Na rede estadual paulista, as aulas digitais produzidas pelo IA serão para 3,5 milhões de alunos do ensino fundamental (6º ao 9º ano) e do ensino médio. Nas escolas estaduais do Espírito Santo, a plataforma Letrus analisa os avanços ou dificuldades de cada estudante nas redações. Neste caso, é preciso apenas familiaridade do professor com a IA.
Combate à evasão
O professor da Universidade Federal de Alagoas Ig Ibert Bittencourt, que estuda o desenvolvimento da IA em Harvard, aponta que nas escolas públicas também já há um avanço no uso da tecnologia.
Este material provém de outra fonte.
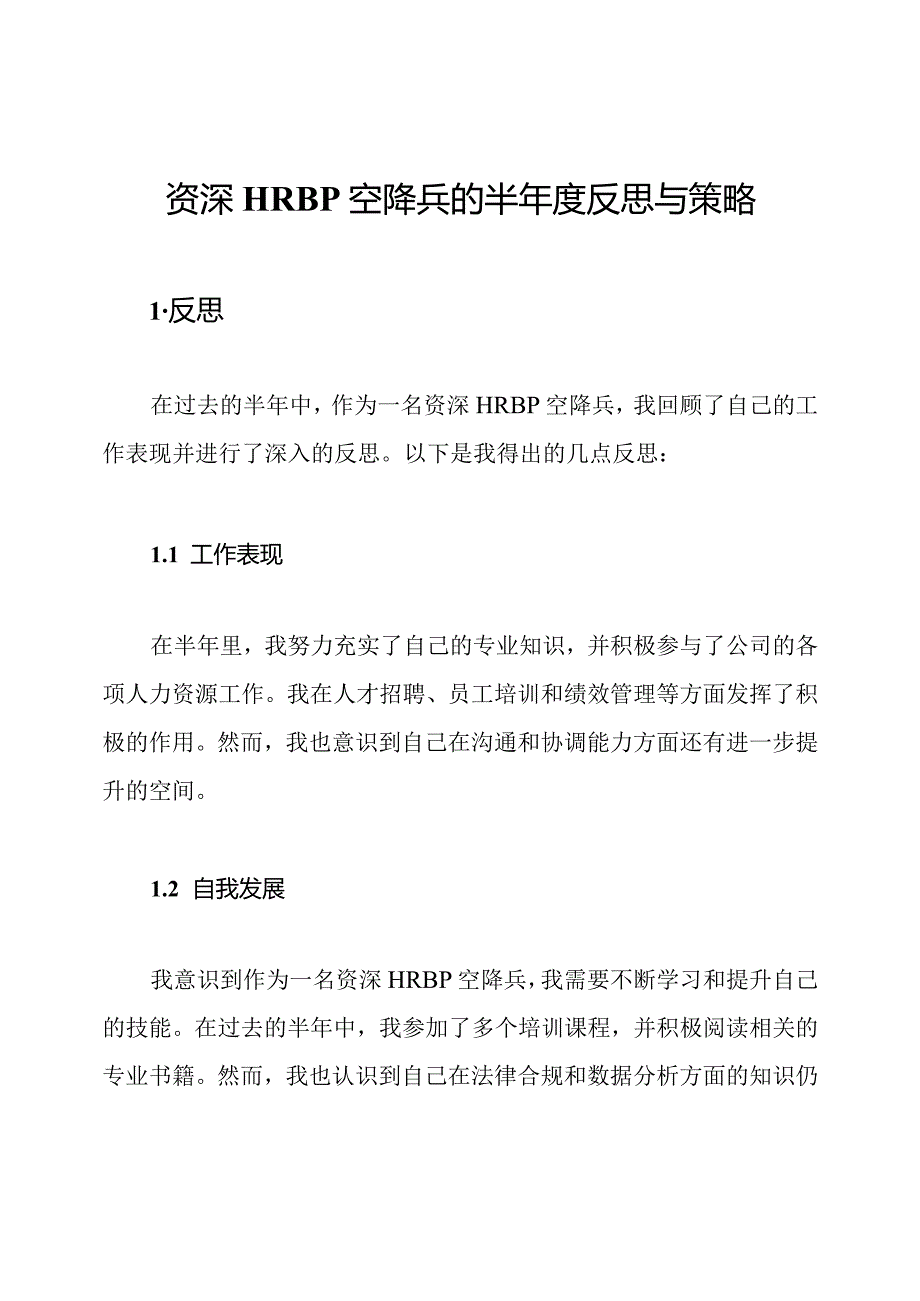 资深HRBP空降兵的半年度反思与策略.docx_第1页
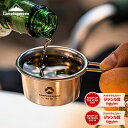【最大800円OFF＋P6倍】キャンピングムーン ベビーシェラ 60ml シェラカップ マグカップ キャンプ用 コップ プレゼント BBQ べーべキュー ステンレス 目盛付き 直火 ソロマグ キャンプ アウトドア スタッキング コンパクト ソロ おちょこ 日本酒 ウイスキー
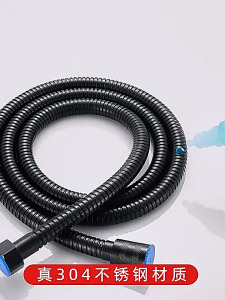 สายฉีดชำระและสายฝักบัว สีดำ มี2ขนาด 120 - 150 CM มีความยืดหยุ่น สามารถบิดงอได้ ทนต่อการใช้งาน และแรงดันน้ำได้ดีมาก และไม่แตกหักง่าย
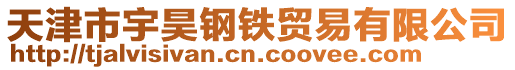 天津市宇昊鋼鐵貿易有限公司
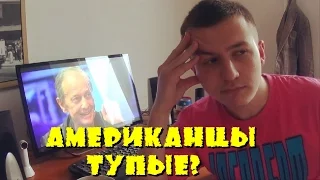 Задорнов ГОВОРИТ ПРАВДУ? Американцы ТУПЫЕ?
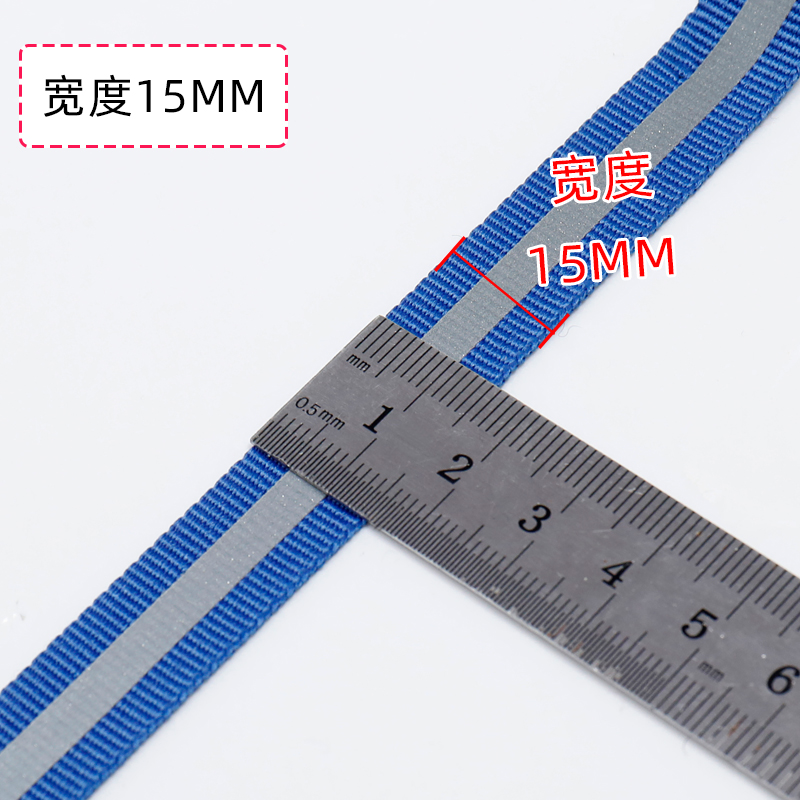 Reflective webbing for shoes, back root webbing, clothing and luggage decoration accessories, black and white, color available for customization, factory direct supply Specification image
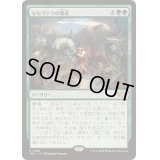 セルヴァラの暴走/Selvala's Stampede《日本語》【TDC】
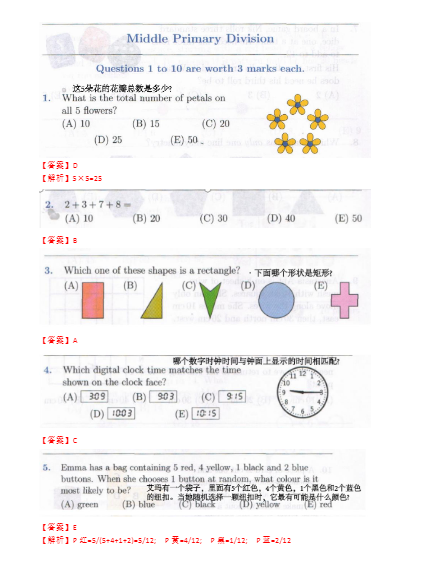 澳洲AMCA等级真题解析,澳洲AMCB等级真题解析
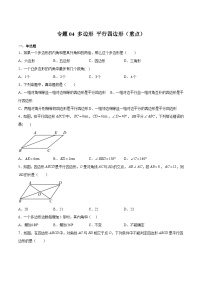 沪教版八年级数学下册期中期末满分冲刺卷专题04多边形平行四边形(重点)(原卷版+解析)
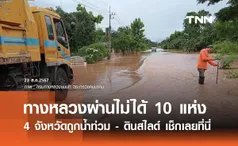 น้ำท่วมถนน-ดินสไลด์ 4 จังหวัด เช็กด่วน ทางหลวง ผ่านไม่ได้ 10 แห่ง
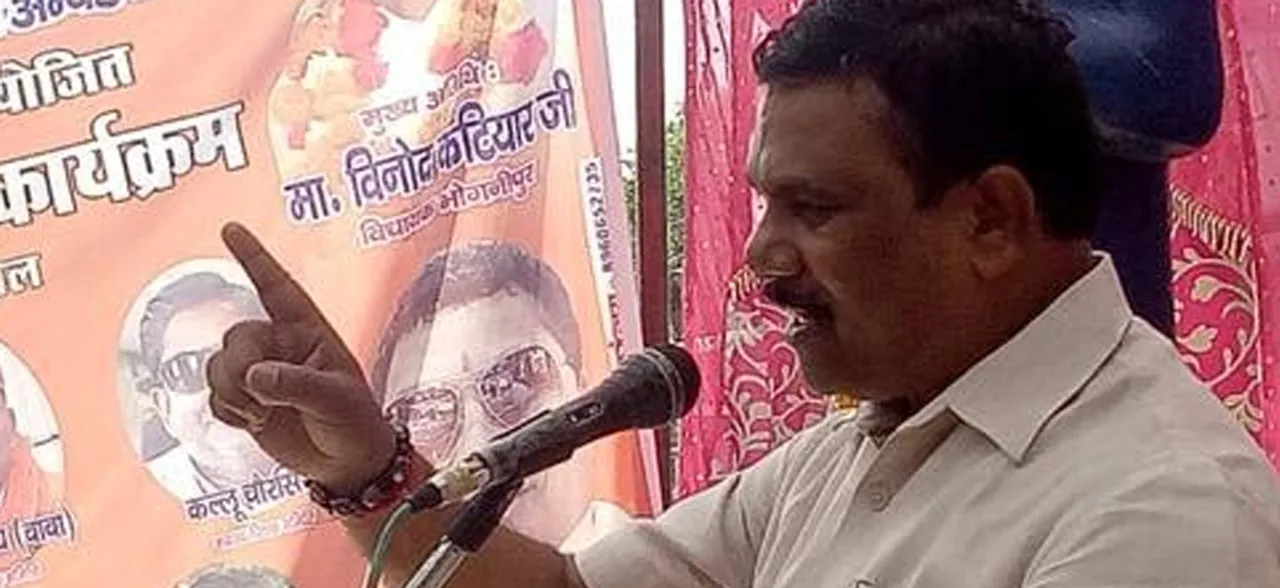 यूपीः कागजी अस्पताल का दौरा करने पहुंचे थे सीएमओ, बीजेपी विधायक के रिश्तेदार ने दी धमकी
Segundo ele, programas brasileiros são desenvolvidos pensando na realidade educacional e de infraestrutura de cada estado. Eles são importantes para gerar conteúdos que representem a população e características do país.
— Cerca de três quartos das escolas brasileiras ainda não têm capacidade digital. Mas a IA está se aprimorando, e estados e municípios precisam propor meios de aderir e capacitar professores. Ela é importante para combater a evasão e equiparar as escolas públicas às privadas — defende.
Como o IA entrou nas disciplinas
- Geografia: O professor tem ajuda nas correções ou para elaborar questões. Por enquanto, a ferramenta não tem resultados satisfatórios para boa parte dos temas pesquisados, apresentando respostas erradas ou defasadas, porque a base de dados da IA foi atualizada até 2021.
- Artes: Criação roteiros e histórias fictícias, personagens, estabelecimento de relações com espaços reais e elaboração de roteiros de visitas a museus. Desenvolvimento da percepção visual de paletas e de materiais de artistas. É importante atentar para o direito autoral.
- Biologia: Busca de conceitos da disciplina e geração imagens de células e plantas.
- Português: Correção e proposta de redações e diferentes estilos de texto.
- Inglês: Criação de rubricas de avaliação, obtenção de frases com o vocabulário que estudam, geração de exercícios de gramática e pesquisas.
- Filosofia: Uma prática já adotada é a entrega de duas dissertações por alunos, em que a primeira, eles podem podem usar abertamente o ChatGPT. Mas na segunda entrega, o aluno é convidado a refletir e criticar o próprio texto anterior.
- Matemática: A IA soluciona equações e mostra o passo a passo da conta. Se gera um resultado errado, a turma se reúne para identificar o problema.